Ese caldo se fue enfriando, surgió una atmósfera azulada, aparecieron continentes, grandes lluvias formaron ríos caudalosos y los coacervados se fueron transformando en burbujas más grandes y más complejas, siendo el origen de los primeros protozoos, en el transcurso de millones de años. Luego surgieron los metazoos y algunos aprendieron a vivir fuera del agua, otros en el subsuelo o en el aire, pero todos, absolutamente todos, procedían de los coacervados más primitivos.
La lectura me fue descubriendo el origen de la Tierra y cómo habíamos surgido los seres vivos. Era muy emocionante, el mismo origen para todos, desde una gallina, un ratón, una planta, un insecto, hasta el ser humano, emparentados con unas burbujas flotantes en un magma primigenio.
Había un denominador común, nuestros ascendientes necesitaban energía para poder desarrollarse, la que recibían normalmente del sol y combustible para alimentar sus organismos, fagocitando elementos varios de la naturaleza, incluidos sus propios congéneres.

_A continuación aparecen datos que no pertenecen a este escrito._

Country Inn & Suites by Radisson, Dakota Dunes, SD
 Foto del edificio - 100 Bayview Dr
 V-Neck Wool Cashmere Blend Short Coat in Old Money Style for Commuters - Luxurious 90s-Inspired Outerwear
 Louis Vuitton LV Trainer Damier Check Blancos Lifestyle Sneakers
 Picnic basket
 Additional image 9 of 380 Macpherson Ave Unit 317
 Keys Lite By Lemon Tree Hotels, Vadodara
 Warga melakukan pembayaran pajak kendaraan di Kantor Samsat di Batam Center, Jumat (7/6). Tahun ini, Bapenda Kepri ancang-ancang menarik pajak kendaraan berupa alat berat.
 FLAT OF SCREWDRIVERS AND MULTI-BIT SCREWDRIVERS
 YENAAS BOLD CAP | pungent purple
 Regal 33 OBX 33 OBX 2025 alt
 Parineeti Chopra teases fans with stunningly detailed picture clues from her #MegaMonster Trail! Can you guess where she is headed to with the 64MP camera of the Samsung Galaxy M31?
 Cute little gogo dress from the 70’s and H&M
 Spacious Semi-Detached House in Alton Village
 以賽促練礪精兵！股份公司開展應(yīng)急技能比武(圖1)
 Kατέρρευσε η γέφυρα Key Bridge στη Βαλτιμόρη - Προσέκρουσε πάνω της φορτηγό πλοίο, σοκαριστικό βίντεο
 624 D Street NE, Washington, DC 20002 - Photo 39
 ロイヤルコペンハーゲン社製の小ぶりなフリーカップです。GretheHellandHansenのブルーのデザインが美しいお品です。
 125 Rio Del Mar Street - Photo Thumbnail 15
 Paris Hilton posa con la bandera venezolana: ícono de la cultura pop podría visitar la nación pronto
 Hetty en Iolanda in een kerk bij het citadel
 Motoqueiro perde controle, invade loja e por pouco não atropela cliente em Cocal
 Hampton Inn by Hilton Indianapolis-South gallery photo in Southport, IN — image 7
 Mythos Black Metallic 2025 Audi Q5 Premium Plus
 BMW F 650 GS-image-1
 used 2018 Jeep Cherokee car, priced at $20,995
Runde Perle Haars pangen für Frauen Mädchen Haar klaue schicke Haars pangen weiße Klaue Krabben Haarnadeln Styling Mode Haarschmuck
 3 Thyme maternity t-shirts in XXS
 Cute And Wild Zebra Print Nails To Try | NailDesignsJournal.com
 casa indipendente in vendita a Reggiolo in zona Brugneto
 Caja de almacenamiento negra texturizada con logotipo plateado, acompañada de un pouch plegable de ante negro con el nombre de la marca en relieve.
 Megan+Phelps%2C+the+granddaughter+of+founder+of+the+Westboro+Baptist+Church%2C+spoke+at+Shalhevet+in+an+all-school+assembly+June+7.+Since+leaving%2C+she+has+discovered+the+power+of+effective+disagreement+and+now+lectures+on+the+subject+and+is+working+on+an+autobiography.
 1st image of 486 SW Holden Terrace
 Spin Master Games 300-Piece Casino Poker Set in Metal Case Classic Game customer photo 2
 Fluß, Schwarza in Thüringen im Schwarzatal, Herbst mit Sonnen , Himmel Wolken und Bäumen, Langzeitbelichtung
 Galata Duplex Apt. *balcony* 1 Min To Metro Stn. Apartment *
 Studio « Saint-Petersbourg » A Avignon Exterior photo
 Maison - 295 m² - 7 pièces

Pero lo que más llamó mi atención, fue que unos peces minúsculos, que vivían en los mares del período cámbrico hace más de quinientos millones de años, ocupaban selectivamente las zonas más superficiales de su hábitat, recibiendo directamente la energía solar sobre su dorso, por lo que desarrollaron en el mismo una especie de primordio, sistema nervioso en forma de banda sensorial, embrión del sistema nervioso humano, para poder captar el movimiento dentro del agua de otros organismos microscópicos, que constituían su principal alimento, y que se movían asimismo en el líquido elemento, sistema muy eficaz, ya que avisaba al pez de la presencia de futura comida así como de la aparición del sol sobre su horizonte, subiendo hacia la superficie para recibir la energía tan indispensable para su supervivencia. En mi pensamiento, imaginaba los pececillos de color plateado, con una banda azulada en lo que constituía el primordio sensorio, y cómo captaban el movimiento de sus presas, con las imperceptibles ondas que éstas producían al ir moviéndose por el agua, y también como advertían las ondas luminosas que el sol proyectaba, lo que les hacía subir de inmediato a la superficie para recibir el benéfico calor energético sobre sus diminutos cuerpos.